Resources
Books About Changing Elder Care
Nursing homes and assisted living facilities are no longer always deadening, depressing places that we should avoid at all cost, and home care, though extraordinarily stressful at times for family caregivers, need not always be overwhelming.
Over the past fifteen years there has been a major shift in the "culture" of elder care. Here are some of my favorite books on that culture shift:
Dementia, Friendship and Flourishing Communities, by Susan H. and John T. McFadden (paperback 2014). Targeted to friends. How do you continue a friendship when your friend no longer remembers your shared history or your name? Read my review here.

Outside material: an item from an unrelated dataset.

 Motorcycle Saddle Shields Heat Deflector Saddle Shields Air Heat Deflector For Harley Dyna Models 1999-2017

Mindfulness-Based Elder Care: A CAM Model for Frail Elders and Their Caregivers, by Lucia McBee, LCSW, MPH, 2008. "Mindfulness" involves being present in each moment, and moving toward compassion for yourself and others. Mindfulness practices include meditation, yoga, and breathing exercises, among others. With over 25 years of experience as a geriatric social worker and mindfulness-based stress reduction practitioner, McBee, LCSW, MPH, walks the reader through specific "mindfulness” exercises for each of the book’s three intended audiences: elders, family caregivers, and professional caregivers. She weaves these mindfulness exercises, and background information about the history of mindfulness-based elder care and “culture change” movements in elder care, with short anecdotes about elders and caregivers who have tried mindfulness groups. She includes some excellent chapters on mindfulness exercises for people with mild to severe dementia; yoga exercises for people who are wheelchair- or bed-bound; and helpful tips such as “mini relaxation exercises” for when you’re standing in line at the check-out counter or stuck in traffic.

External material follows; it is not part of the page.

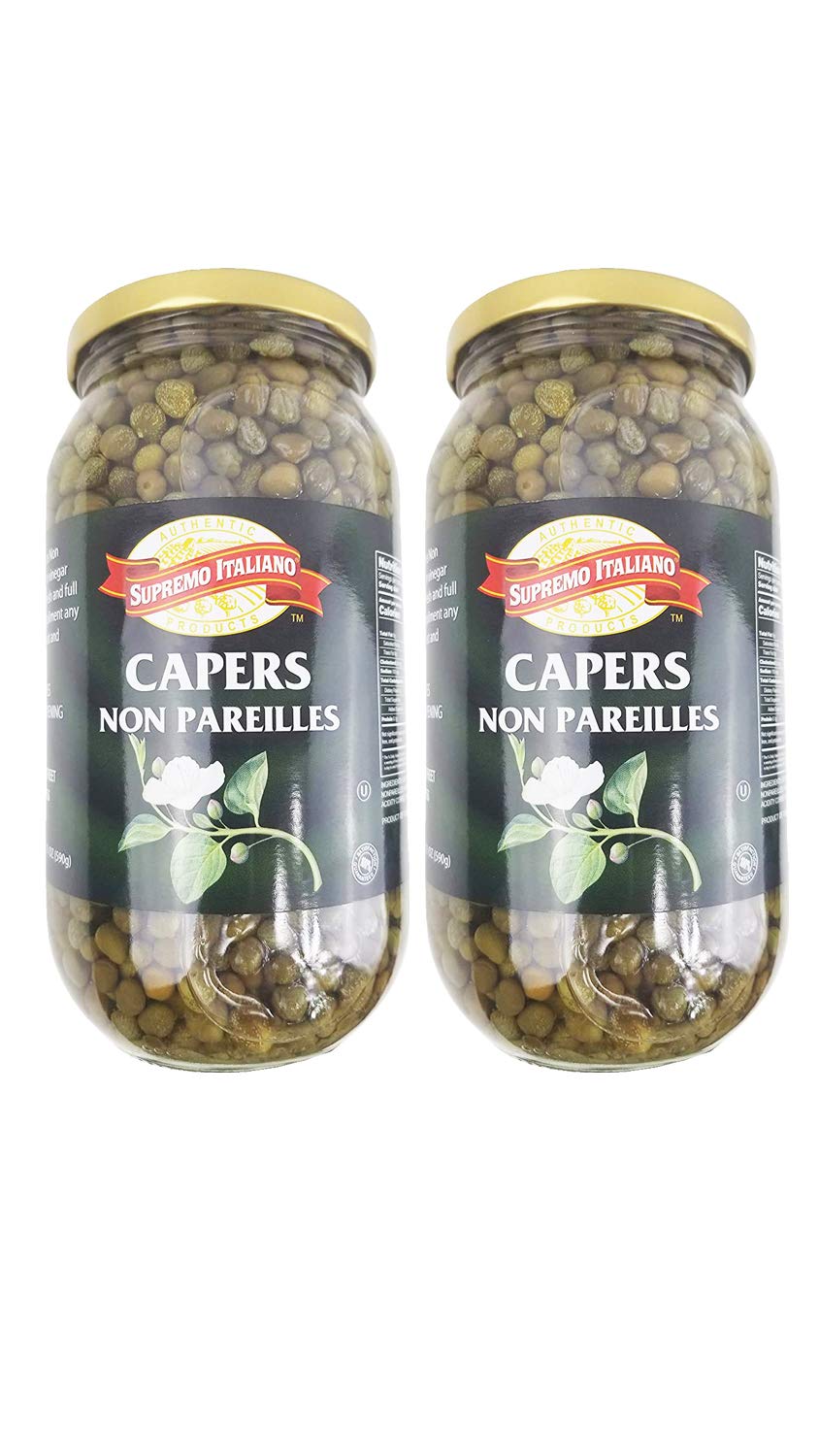 Capers Non Pareilles (2 Pack, Total Of 64Oz)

Dancing with Rose: Finding Life in the Land of Alzheimer's, by Lauren Kessler, 2007. (The 2008 paperback is called Finding Life in the Land of Alzheimer's: One Daughter's Hopeful Story.) An immersion journalist and author of several books, Kessler regrets not helping her mother more when her mother had dementia years ago, and takes a minimum-wage job for three months as a resident assistant at a "memory care" assisted living facility. Similar to the scenes I describe in my book-in-progress, Kessler discovers that people living with dementia can still retain the essence of themselve, enjoy the companionship of others, and respond to the pleasures of life.
Love, Loss, and Laughter: Seeing Alzheimer's Differently, by Cathy Stein Greenblat, Ph.D., sociologist and photographer, 2012. Greenblat challenges the typical perception of people with Alzheimer’s as “empty shells,” lost to themselves and others.
Alive with Alzheimer's, by Cathy Stein Greenblat, Ph.D., 2004. A sociologist and photographer, Greenblat immerses herself in life at a Silverado Senior Living, "memory care" home for people with dementia that reminds me of the memory care facility where my mother lived for two years. Greenblat's 85 photographs show that life continues after a diagnosis of dementia. (See the photos, right.)
My Mother, Your Mother: Embracing "Slow Medicine," the Compassionate Approach to Caring for Your Aging Loved Ones, by Dennis McCullough, M.D., 2008. How to help those you love live well in their final years and avoid unnecessary medical interventions. "Slow Medicine," he says, "embraces the unsung work of daily attention that is the greatest and firmest foundation for longevity and quality of life...This is not a plan for getting ready to die; it is a plan for understanding, for caring, and for living well in the time that is left."
Life Worth Living: How Someone You Love Can Still Enjoy Life in a Nursing Home: The Eden Alternative in Action, by William H. Thomas, M.D., 1996. An Eden Alternative nursing home is designed, from the physical environment to programs to staffing, to combat what they call the “three plagues” of institutional care: loneliness, helplessness and boredom. It's a “human habitat” filled with life—plants, animals, frequent visits by children, and lots of impromptu interactions with the staff.
Dementia Beyond Drugs: Changing the Culture of Care, by G. Allen Power, M.D., 2010. When I saw Dr. Power speak at a gerontology conference he said that 40% of people living with dementia in nursing homes are on antipsychotic medication, when what they need is to be treated differently. He says that if we put people in environments where they can't succeed—where there are few activities and little personal attention—their behavior will suffer. His book encourages us to think of dementia not in the "traditional" way as tragic, irreversible, costly and burdensome, but as a shift in the way a person perceives the world, a state in which learning can and does still occur, and in which the person continues to have the potential for life and growth. One of my favorite quotes from his speech is "If I say that a woman with dementia is confused, it's me who's confused. I'm confused because I don't understand her."
The Silverado Story: A Memory-Care Culture Where Love is Greater Than Fear, by Loren Shook and Stephen Winner, 2010.
What Are Old People For?: How Elders Will Save the World, by William H. Thomas, M.D., 2007.